Data movement known issues and limitations

Refer to this topic for information on the limitations of IBM® Fluid Query data movement.

Cannot run data movement from NPS system with Kerberos authentication

If your NPS® system uses Kerberos authentication for its database user accounts, note that you cannot run the data movement feature from the NPS host to import or export files. As a alternative, you can run the data movement feature from the Hadoop service provider.

GPFS data movement between NPS and Hadoop

Running the import and export operations from NPS or any other systems is only possible when HDFS is used. If BigInsights uses GPFS, you can only initiate import and export operations from Hadoop.

Incremental data import when an update or deletion is discovered on NPS

Incremental import to Hadoop is stopped when there was an update or deletion in the table on NPS after the last import, as it leads to data inconsistency. In such situation the import stops with the following error message:

Some records have been deleted or updated after last import. Full import is required to 
have consistent data. To run incremental import anyway please set 
nz.fq.ignore.deleted to true.

You can use the nz.fq.ignore.deleted flag to ignore such error messages and import data anyway.

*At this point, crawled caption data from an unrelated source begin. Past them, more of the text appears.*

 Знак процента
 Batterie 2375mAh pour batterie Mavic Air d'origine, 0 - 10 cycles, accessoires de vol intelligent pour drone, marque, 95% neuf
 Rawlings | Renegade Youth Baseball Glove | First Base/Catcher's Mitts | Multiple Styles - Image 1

Import of some object types is not supported

The following object types are not supported by IBM Fluid Query because they contain unsupported, NPS-specific data types (special columns), such as rowid, datasliceid, createxid, and deletexid.

External table
Views
Mviews

Import of these objects will result in an error similar to the following one: ERROR: Column reference "DATASLICEID" not supported for external table.

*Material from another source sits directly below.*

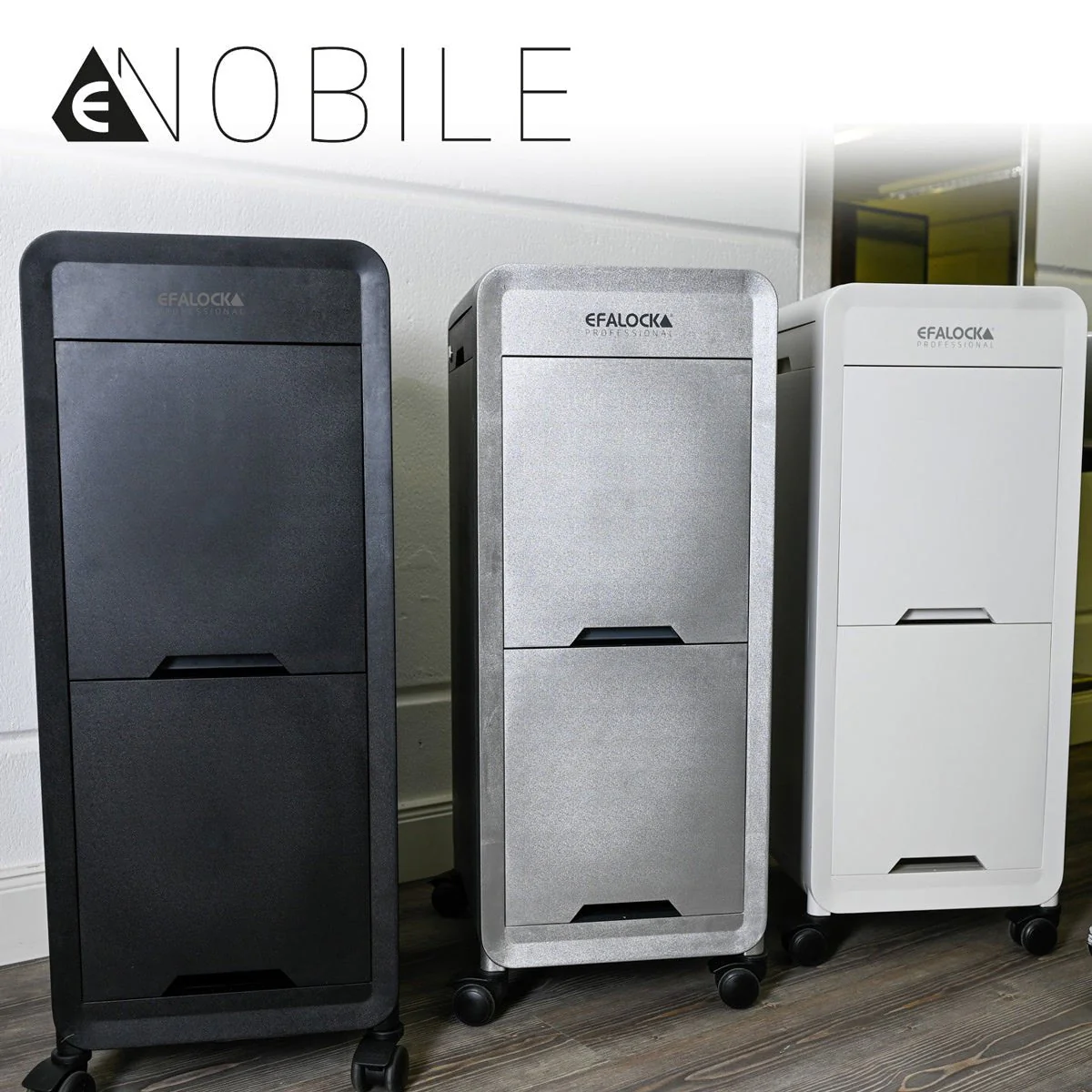 Efalock Werkwagen eNobile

Import of some data types is not supported

The following data types are not supported in this release of IBM Fluid Query:

varbinary
st_geometry

Import of a table that contains these column types will result in the following error: Can't recognize NPS data type

When importing a clustered base table (CBT), the organizing keys are not retained

When you import a CBT from NPS to Hadoop, the organizing keys are not preserved in the metadata. As a result, when you transfer the table back to NPS, it is exported as a regular table.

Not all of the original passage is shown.